Board members remarked that economic growth in 2017 was expected to accelerate markedly faster than previously anticipated, before slowing down more steeply in 2018 and losing momentum moderately in 2019, its forecasted dynamics remaining above the potential GDP growth rate in 2018, but thereafter dropping to a slightly lower value. It was shown that the outlook relied on the expansionary nature of fiscal and income policies probably persisting into 2018, albeit gradually abating from 2016. It also implied monetary conditions would see a progressive reduction in their degree of accommodation against 2017, as well as the EU funds absorption would improve and euro area/EU and global economies would expand at a relatively more robust pace over the short term, the BNR informs in a release posted on its website.

Board members first examined the recent inflation developments. They observed that the annual inflation rate had leapt to 1.77 percent in September from 1.15 percent in August, returning more deeply than anticipated into the variation band of the flat target. It was noted that the annual inflation rate had posted a faster-than-forecasted rise during Q3 too, and that, in the absence of all changes in indirect taxes, excise duties and non-tax fees and charges, it would have stood at 2.6 percent in September, marginally above the midpoint of the flat target. The upward movement in that period had been primarily driven by the increase in electricity price, to which had added the pick-up in fuel prices – amid the hike in the excise duty on motor fuels and in the international oil prices –, as well as the acceleration in core inflation; their impact had been only marginally offset by that of the decrease in the annual change of VFE prices and by the base effect associated with developments in tobacco product prices.

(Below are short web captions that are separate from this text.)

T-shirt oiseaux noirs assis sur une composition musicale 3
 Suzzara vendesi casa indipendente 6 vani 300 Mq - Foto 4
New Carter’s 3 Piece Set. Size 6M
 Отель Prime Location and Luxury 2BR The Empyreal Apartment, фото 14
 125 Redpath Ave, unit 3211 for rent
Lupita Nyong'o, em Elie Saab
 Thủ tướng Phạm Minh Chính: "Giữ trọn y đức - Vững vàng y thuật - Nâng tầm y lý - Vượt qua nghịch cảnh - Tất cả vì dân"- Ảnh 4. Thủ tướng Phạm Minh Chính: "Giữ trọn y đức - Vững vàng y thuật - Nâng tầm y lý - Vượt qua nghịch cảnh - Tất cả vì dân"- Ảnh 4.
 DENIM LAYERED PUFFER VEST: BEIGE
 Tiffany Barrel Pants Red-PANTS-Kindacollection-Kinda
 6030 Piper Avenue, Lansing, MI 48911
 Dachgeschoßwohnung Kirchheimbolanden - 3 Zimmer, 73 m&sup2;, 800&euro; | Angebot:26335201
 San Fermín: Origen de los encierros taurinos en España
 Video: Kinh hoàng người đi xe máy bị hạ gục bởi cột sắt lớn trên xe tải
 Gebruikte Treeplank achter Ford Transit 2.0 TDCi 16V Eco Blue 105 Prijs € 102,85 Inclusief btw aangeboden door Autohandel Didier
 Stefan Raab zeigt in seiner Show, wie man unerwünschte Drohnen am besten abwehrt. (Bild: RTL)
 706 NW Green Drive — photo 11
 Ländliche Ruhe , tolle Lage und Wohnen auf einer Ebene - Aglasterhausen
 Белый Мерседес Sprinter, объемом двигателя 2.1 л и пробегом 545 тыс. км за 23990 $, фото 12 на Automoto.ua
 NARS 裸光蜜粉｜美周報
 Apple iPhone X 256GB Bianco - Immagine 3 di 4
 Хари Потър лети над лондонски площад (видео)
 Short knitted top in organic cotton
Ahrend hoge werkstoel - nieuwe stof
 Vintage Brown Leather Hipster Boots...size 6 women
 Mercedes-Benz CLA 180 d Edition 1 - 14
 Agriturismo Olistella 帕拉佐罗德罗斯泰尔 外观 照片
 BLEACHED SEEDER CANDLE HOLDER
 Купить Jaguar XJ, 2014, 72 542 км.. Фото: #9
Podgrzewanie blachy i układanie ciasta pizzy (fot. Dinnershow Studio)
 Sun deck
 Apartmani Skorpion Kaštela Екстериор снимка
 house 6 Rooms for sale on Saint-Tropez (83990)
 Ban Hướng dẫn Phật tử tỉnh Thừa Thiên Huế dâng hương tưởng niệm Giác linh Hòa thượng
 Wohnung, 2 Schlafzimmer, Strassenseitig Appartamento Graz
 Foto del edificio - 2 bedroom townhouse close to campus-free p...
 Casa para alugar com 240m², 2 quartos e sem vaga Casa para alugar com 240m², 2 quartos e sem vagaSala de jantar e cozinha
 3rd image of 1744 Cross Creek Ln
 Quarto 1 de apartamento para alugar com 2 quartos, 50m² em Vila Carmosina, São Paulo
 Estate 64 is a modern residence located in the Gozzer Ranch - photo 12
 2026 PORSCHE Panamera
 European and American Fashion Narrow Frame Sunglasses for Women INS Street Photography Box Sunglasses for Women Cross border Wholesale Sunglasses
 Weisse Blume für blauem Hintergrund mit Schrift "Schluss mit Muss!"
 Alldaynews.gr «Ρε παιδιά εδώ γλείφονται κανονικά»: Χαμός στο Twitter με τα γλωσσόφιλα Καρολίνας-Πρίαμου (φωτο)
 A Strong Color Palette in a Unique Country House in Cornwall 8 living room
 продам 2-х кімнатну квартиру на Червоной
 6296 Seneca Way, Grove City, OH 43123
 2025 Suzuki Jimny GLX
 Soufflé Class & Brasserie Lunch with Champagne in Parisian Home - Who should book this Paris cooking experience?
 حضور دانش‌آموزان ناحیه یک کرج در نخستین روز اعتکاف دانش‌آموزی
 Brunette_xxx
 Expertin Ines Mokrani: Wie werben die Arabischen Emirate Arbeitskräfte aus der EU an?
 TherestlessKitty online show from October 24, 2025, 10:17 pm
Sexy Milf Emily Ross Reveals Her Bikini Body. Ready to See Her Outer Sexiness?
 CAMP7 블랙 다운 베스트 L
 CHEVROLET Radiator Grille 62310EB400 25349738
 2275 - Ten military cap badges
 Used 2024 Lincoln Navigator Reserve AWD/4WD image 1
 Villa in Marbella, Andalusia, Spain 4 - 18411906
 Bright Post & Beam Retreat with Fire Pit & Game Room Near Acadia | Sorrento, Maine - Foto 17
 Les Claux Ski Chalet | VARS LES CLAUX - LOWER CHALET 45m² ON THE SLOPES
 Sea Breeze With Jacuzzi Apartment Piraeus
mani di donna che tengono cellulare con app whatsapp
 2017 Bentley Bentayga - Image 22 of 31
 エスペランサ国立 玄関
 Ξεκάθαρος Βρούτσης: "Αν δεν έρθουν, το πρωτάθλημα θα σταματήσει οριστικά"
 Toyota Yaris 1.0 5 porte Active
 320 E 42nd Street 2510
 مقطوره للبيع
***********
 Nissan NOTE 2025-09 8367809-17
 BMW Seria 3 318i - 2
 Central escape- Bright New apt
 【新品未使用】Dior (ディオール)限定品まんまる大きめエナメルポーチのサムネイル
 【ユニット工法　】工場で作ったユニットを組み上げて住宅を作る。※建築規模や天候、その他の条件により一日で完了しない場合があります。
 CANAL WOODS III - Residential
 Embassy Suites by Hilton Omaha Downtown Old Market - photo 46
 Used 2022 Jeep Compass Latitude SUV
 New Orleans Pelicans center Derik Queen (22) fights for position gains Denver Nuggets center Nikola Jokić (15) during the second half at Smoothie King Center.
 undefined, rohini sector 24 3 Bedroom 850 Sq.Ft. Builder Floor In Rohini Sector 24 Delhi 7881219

Looking at labour market developments, Board members underlined the record high posted in August for the fourth successive month by the number of employees economy-wide, as well as the steepening downward trend in its annual growth rate, showing a potential decrease in the room for employment to grow and increased obstacles to recruitment faced by firms. The new decline in the unemployment rate to 5.0 percent in September was also referred to. Those developments, corroborated by the relative increase in employment intentions in the last months of the current year, as well as by higher difficulties in recruiting skilled labour, as revealed by specialised surveys, were deemed to indicate further labour market tightening.

The BNR Board decided with a majority of votes – 8 votes for, 1 vote against – to narrow the symmetrical corridor of interest rates on the BNR’s standing facilities around the policy rate to ±1 percentage points from ±1.25 percentage points and, unanimously, to ensure firm liquidity management in the banking system. Moreover, the Board decided with a majority of votes – 8 votes for, 1 vote against – to keep unchanged the monetary policy rate at 1.75 percent per annum and, unanimously, to maintain the existing levels of minimum reserve requirement ratios on both leu- and foreign currency-denominated liabilities of credit institutions, the release concludes.